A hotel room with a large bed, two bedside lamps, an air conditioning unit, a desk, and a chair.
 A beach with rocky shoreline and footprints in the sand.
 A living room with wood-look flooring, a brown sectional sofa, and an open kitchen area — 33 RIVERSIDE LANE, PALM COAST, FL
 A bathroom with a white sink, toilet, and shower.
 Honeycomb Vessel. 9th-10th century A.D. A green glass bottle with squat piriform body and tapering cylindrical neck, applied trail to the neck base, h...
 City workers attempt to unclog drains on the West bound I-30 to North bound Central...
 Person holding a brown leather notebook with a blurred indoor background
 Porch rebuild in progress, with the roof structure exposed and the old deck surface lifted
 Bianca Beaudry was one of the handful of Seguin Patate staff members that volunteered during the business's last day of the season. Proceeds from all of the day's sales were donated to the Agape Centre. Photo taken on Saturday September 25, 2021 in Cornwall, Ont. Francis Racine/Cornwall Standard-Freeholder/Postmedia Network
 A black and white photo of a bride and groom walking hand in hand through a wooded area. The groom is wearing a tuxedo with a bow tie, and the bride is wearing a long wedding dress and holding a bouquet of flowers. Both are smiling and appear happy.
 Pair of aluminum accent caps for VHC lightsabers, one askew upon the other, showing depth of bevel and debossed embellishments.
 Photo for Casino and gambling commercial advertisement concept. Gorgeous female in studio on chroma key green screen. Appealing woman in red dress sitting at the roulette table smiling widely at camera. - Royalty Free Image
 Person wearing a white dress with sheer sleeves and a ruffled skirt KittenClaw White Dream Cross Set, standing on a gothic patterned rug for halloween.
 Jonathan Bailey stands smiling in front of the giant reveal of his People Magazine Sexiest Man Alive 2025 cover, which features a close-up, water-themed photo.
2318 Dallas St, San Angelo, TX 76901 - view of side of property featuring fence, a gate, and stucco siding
* * *
- _YOUR INSTRUCTIONS_: Copy the material above, keeping every line exactly as it stands.

- _ANSWER BOX_:
A hotel room with a large bed, two bedside lamps, an air conditioning unit, a desk, and a chair.
 A beach with rocky shoreline and footprints in the sand.
 A living room with wood-look flooring, a brown sectional sofa, and an open kitchen area — 33 RIVERSIDE LANE, PALM COAST, FL
 A bathroom with a white sink, toilet, and shower.
 Honeycomb Vessel. 9th-10th century A.D. A green glass bottle with squat piriform body and tapering cylindrical neck, applied trail to the neck base, h...
 City workers attempt to unclog drains on the West bound I-30 to North bound Central...
 Person holding a brown leather notebook with a blurred indoor background
 Porch rebuild in progress, with the roof structure exposed and the old deck surface lifted
 Bianca Beaudry was one of the handful of Seguin Patate staff members that volunteered during the business's last day of the season. Proceeds from all of the day's sales were donated to the Agape Centre. Photo taken on Saturday September 25, 2021 in Cornwall, Ont. Francis Racine/Cornwall Standard-Freeholder/Postmedia Network
 A black and white photo of a bride and groom walking hand in hand through a wooded area. The groom is wearing a tuxedo with a bow tie, and the bride is wearing a long wedding dress and holding a bouquet of flowers. Both are smiling and appear happy.
 Pair of aluminum accent caps for VHC lightsabers, one askew upon the other, showing depth of bevel and debossed embellishments.
 Photo for Casino and gambling commercial advertisement concept. Gorgeous female in studio on chroma key green screen. Appealing woman in red dress sitting at the roulette table smiling widely at camera. - Royalty Free Image
 Person wearing a white dress with sheer sleeves and a ruffled skirt KittenClaw White Dream Cross Set, standing on a gothic patterned rug for halloween.
 Jonathan Bailey stands smiling in front of the giant reveal of his People Magazine Sexiest Man Alive 2025 cover, which features a close-up, water-themed photo.
2318 Dallas St, San Angelo, TX 76901 - view of side of property featuring fence, a gate, and stucco siding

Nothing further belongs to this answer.